Para a cirurgiã dentista especialista em cirurgia e traumatologia buco-maxilo-facial e mestra em odontologia, Camila Ximenes, a maior causa desses acidentes é a falta de atenção no trânsito. A não utilização de capacetes entre os motociclistas agrava ainda mais os traumas ocorridos.  “O uso desse equipamento, inclusive os capacetes de boa qualidade, tanto em material quanto em tempo de uso, reduz em 72% o risco e a gravidade de lesões e reduz a probabilidade de mortes em até 39%”. 

De acordo com o recente Relatório da Situação Global da OMS, o Brasil registrou quase 39 mil mortes no trânsito, sendo que o maior número atingiu condutores de motos e veículos motorizados de três rodas, e 31% das mortes no trânsito no País atingem estes mesmos condutores. Até 2020, o Brasil precisa cumprir acordo firmado com a ONU de reduzir as mortes no trânsito para cerca de 21 mil ao ano.

Segundo o ONSV, os acidentes de trânsito no Brasil são responsáveis por deixar 400 mil pessoas com algum tipo de sequela. Além disso, cerca de 60% dos leitos hospitalares do Sistema Único de Saúde (SUS) são preenchidos por acidentados. Ainda de acordo com o Observatório, os acidentes no trânsito resultam em custos anuais de R$ 52 bilhões.

“As vítimas de acidentes de trânsito com trauma de face, são encaminhados à Unidades de referência em trauma, hospitais de urgência e emergência. Aqui em Maceió o HGE dispõe de uma equipe de cirurgiões buco-maxilo faciais que trabalham em escalas de plantões e está a postos para os atendimentos. Uma equipe multiprofissional irá atender o paciente vítima de trauma e realizar o diagnóstico, através de exame físico e complementares, como radiografias e tomografias. A partir do diagnóstico é eleito o plano de tratamento para cada caso. Existem tratamentos "abertos" onde colocamos placas e parafusos para tratar as fraturas. E tratamentos fechados ou conservadores.”

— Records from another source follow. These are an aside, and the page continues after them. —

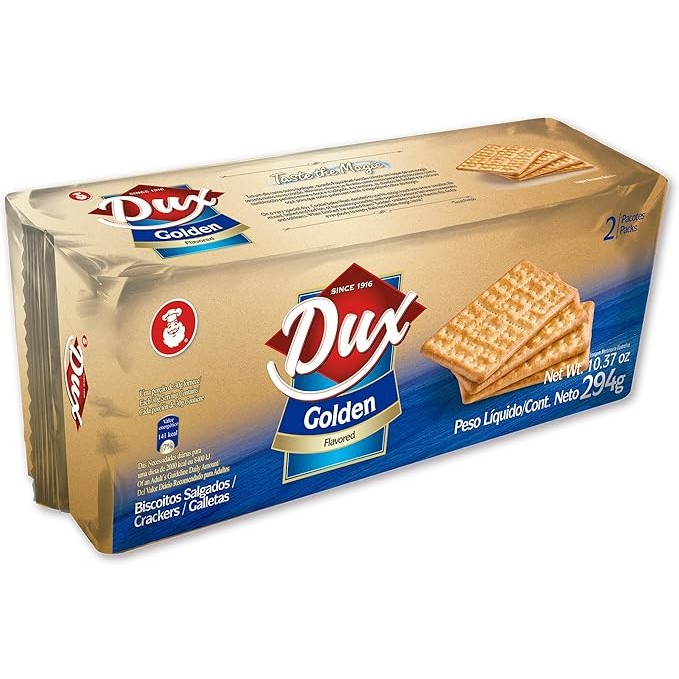 BISCOITO CRACKER DUX GOLDEN 294G em Oferta na Shopee
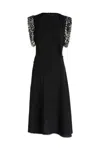 Isabel Marant Leronia Sequin-embellished Midi Dress In 01bk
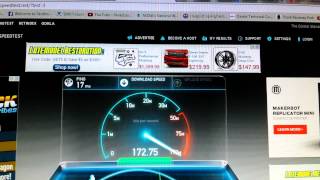 Mediacom speed test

Para Camila, a educação e prudência no trânsito vem sendo primordial para as prevenções, além do uso de capacetes. 

“Em tempos digitais a atenção dos motoristas muitas vezes está no celular em diversos aplicativos. Isso reduz a prudência necessária que precisamos ter no trânsito. Esses índices com certeza podem ser reduzidos se buscarmos a conscientização da responsabilidade que um motorista precisa ter”, esclarece ela. 

O trânsito vem se tornando uma preocupação mundial, onde campanhas e informações devem ser disseminadas para conscientização e alerta da sociedade, em prol da vida.